Geoffrey Edward Beck (16 June 1918 – 5 March 2019) was an English first-class cricketer and Congregational minister.

==Education==
Geoffrey Beck attended Whitgift School from 1928 to 1934, and later studied theology at Mansfield College, Oxford, from 1942 to 1946.

==Cricket==
A middle-order batsman, Beck represented Oxford University at cricket, playing in the University Match in 1943 (when he top-scored) and 1945, both of which were one-day matches. When first-class cricket resumed after World War II he played three matches for Oxford, with a highest score of 50 against Surrey in his first match. He later played two matches for Oxfordshire in the Minor Counties Championship in 1951.

==Marriage and ministry==
Beck married Joy Crookshank, a Cambridge graduate and fellow member of the Student Christian Movement, in 1946. He also began his career as a Congregational minister in 1946. He served as the minister at Eccleston, St Helens, from 1946 to 1950, at Summertown, Oxford, from 1950 to 1965, as Warden of the Chapel of Unity at Coventry Cathedral from 1965 to 1971, and as minister at the Central Free Church, Brighton, from 1971 to 1984.
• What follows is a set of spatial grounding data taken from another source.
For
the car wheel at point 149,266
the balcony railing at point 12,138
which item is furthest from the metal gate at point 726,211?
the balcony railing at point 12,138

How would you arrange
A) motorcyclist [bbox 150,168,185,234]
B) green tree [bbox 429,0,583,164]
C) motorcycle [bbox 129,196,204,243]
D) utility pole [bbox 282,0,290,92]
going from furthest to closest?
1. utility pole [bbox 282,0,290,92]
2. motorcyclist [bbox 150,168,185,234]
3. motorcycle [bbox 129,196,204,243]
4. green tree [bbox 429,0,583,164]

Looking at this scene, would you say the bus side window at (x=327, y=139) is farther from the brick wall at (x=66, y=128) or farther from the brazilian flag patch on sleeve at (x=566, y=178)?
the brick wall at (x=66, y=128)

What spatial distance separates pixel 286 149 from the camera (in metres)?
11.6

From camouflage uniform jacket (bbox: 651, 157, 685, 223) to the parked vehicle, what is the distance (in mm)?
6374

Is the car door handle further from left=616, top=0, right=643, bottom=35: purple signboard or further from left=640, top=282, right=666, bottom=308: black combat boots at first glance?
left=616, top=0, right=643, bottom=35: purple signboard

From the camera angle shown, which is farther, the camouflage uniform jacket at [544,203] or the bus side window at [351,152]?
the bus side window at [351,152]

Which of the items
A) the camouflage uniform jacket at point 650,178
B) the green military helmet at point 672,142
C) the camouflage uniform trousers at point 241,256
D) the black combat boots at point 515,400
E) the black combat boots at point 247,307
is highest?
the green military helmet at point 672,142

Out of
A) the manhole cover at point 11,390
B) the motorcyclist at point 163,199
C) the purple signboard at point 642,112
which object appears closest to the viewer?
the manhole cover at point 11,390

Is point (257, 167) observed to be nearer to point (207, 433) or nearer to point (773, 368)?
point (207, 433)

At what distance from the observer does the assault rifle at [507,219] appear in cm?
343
==British-German relations==
Beck was co-founder of the Adam von Trott Memorial Appeal Project in honour of the participant, a former student at Oxford, in the plot to assassinate Hitler in 1944. The appeal provides scholarships to German students to study at Mansfield College. In 2014 the German government awarded Beck the Cross of the Order of Merit for his work for British-German relations.

==Retirement and death==
Beck lived in retirement in East Sussex, and died in March 2019 at the age of 100. His wife died in 2000; they had four children.